Green Country Interiors, which has been identified as the bad guy in the dispute, has involved an attorney.
According to Brad Bendure, who represents GCI, the battle has been ongoing.
"The Carpenters' Union has been engaged in a so-called 'area standards' campaign against GCI since April 2007," said Bendure, and "alleges that GCI pays its workers substandard wages and benefits."
In defense of GCI, Bendure cites legislation set by the U.S. Department of Labor to determine wages and benefits for all federally funded or assisted construction programs.
"GCI believes the only objective evidence of area standard wages and benefits is found in the wage and benefit rates established by the Federal Davis-Bacon Act," said Bendure. "GCI has repeatedly informed the Union that its wages and benefits compare favorably with the...specific rates for the Tulsa, Oklahoma area."

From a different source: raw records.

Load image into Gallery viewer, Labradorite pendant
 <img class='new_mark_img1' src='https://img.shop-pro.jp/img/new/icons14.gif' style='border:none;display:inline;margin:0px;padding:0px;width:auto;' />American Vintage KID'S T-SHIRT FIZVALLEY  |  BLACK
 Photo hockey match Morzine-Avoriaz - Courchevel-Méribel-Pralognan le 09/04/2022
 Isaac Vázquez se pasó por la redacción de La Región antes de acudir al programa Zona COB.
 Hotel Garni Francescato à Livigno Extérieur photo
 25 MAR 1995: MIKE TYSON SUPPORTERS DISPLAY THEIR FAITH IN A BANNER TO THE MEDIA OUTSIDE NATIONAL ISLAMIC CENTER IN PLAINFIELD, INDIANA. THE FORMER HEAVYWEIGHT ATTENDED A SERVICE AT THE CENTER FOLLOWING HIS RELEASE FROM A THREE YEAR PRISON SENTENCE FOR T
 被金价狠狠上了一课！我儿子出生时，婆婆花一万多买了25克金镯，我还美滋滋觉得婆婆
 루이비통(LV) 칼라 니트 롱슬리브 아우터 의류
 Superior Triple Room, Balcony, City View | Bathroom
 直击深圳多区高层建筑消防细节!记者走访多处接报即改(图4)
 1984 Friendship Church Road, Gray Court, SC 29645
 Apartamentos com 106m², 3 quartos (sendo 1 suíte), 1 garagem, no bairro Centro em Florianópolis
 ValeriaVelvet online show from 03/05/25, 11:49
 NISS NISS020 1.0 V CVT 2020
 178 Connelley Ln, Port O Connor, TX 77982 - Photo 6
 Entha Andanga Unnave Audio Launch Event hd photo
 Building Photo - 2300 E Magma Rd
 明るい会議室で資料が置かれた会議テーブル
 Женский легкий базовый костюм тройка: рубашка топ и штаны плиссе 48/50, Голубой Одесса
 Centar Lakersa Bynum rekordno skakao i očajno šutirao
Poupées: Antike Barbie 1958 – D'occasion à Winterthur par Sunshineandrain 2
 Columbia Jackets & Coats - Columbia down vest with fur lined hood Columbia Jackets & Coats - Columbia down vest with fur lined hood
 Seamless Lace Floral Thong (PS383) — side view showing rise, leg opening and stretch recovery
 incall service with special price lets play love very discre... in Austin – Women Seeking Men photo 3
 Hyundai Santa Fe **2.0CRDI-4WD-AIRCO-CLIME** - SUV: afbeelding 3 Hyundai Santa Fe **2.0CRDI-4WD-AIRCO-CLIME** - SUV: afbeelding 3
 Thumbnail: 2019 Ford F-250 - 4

"The Union has responded that Davis Bacon Act rates are not the proper measure of 'area standards' but refuses to disclose to GCI the basis for its determination of area standard wages and benefits."
Jobs for the Homeless
To boil it down, the Carpenters' Union is protesting the hiring practices at several Tulsa-area building projects. But the union's own hiring practices are leaving some scratching their heads.
While the scenes they've staged look like strikes, they aren't--work apparently goes on undisturbed at the sites mentioned, and laborers seem to take no notice of the unfair labor standards that ail them.
Michael Patton, executive director of the Metropolitan Environmental Trust, has a coworker who volunteers at an area soup kitchen. According to her, the union has been hiring homeless people off Tulsa streets--rather than carpenters or union workers--to picket for them. This has raised some eyebrows.
"I have always supported unions, but seeing homeless people working the line, chanting songs as loud as they can during lunch for a cause they may not even know, seems odd," said Patton. "It seems so mercenary and gambles an image that I wouldn't... I question the decisions of some of the union management."
The use of homeless picketers does seem a little counterintuitive. "If they are trying to get people to pay attention to their message and put pressure on the business to use union workers next time, are workers dressed in clothes that have clearly been slept in outdoors the image the union wants to portray?" wondered Patton.
Even if the rumors of homeless picketers are untrue, the picketers don't seem to be in the know, or particularly interested in their cause.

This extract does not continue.